HILL STREET RESIDENCE
THE CONCEPT
This project attempts to explore the condition of the single family home by addressing the types of uses found within the home, the forms that contain those uses, and the rules that inform the articulation of those forms. In doing so, the project becomes a series of programmatic containers carefully connected to define the complete dwelling.
The site itself is a typical 50'x140' lot in a flat area of Sunset Park in Santa Monica. Through a series of discussions with our client, the program began to gravitate into two separate categories. The first category consists of general living spaces to accommodate their entertaining lifestyle - open living spaces on the first floor including an entertainment room for the gathering of adults and a playroom for the gathering of children. As welcoming as these spaces needed to be, another series of spaces needed to be equally private - the bedrooms should read as a place of retreat and removal.

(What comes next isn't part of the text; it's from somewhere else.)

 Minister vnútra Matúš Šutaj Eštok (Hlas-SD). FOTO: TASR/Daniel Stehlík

In addition to the client's programmatic needs, a series of specific code requirements became additional criteria for developing a dipartite solution. Typical front, side and rear yard setbacks applied to the walls of the first floor while a significantly more complicated set of rules defined additional setbacks for a second floor volume. In sum, the higher the walls of the second floor rise, the further they must set back from the property line (or seen in a different light, the further from the property line, the higher the volume can rise). The idiosyncrasies of the site, program and code suggest that a different set of rules apply to each floor level.

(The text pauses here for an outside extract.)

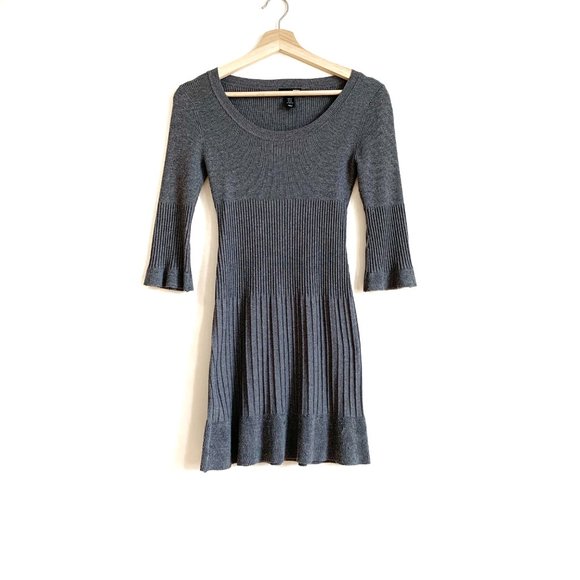 H&M | Mini Knitted Grey Dress - Picture 1 of 6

In a direct response to these conditions, the forms of the building began to fragment into two distinct volumes each responding to a different set of rules. The result is a house defined by two interlocking boxes of program - a container for the places of gathering on the first floor and a separate container for the private places of retreat on the second floor. Formally, each container began to respond to that which it contained. The gathering spaces of the first floor allow for an interaction and connection between both the users (owners and guests) as well as the uses (indoor and outdoor spaces, front yard and backyard, places for gathering, entertaining and connecting). The entertainment room further symbolizes the digital connection to the outside world from within the home via satellite television and internet access and accordingly reveals itself slightly outside the first floor walls. The bedrooms on the second floor become the places of retreat from the connective world becoming a more intimate container for the family itself. As the setback requirements and associated height restrictions help sculpt the shifting and tilting form, the container for these places of retreat seems to float within the extended walls of the first floor container.
Ultimately it is through the adjacency and juxtaposition of these two formal containers and contained uses that a sense of balance and cohesion begins to exist.